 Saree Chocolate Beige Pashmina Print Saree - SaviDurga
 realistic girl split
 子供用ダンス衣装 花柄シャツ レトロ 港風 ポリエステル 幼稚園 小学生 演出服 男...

§

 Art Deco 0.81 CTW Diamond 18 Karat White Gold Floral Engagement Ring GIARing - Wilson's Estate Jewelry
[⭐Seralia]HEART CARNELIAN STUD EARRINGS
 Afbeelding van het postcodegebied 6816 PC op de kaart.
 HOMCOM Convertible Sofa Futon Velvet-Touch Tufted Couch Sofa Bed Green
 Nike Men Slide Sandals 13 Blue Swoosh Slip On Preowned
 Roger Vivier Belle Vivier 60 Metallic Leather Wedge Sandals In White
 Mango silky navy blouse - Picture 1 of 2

§

- **Task directions**: From the entries above, write out only the lines starting at the line that holds "Saree Chocolate Beige" and ending at the line that holds "子供用ダンス衣装 花柄シャツ レトロ", keeping both and matching them exactly.

- **Solution**:
 Saree Chocolate Beige Pashmina Print Saree - SaviDurga
 realistic girl split
 子供用ダンス衣装 花柄シャツ レトロ 港風 ポリエステル 幼稚園 小学生 演出服 男...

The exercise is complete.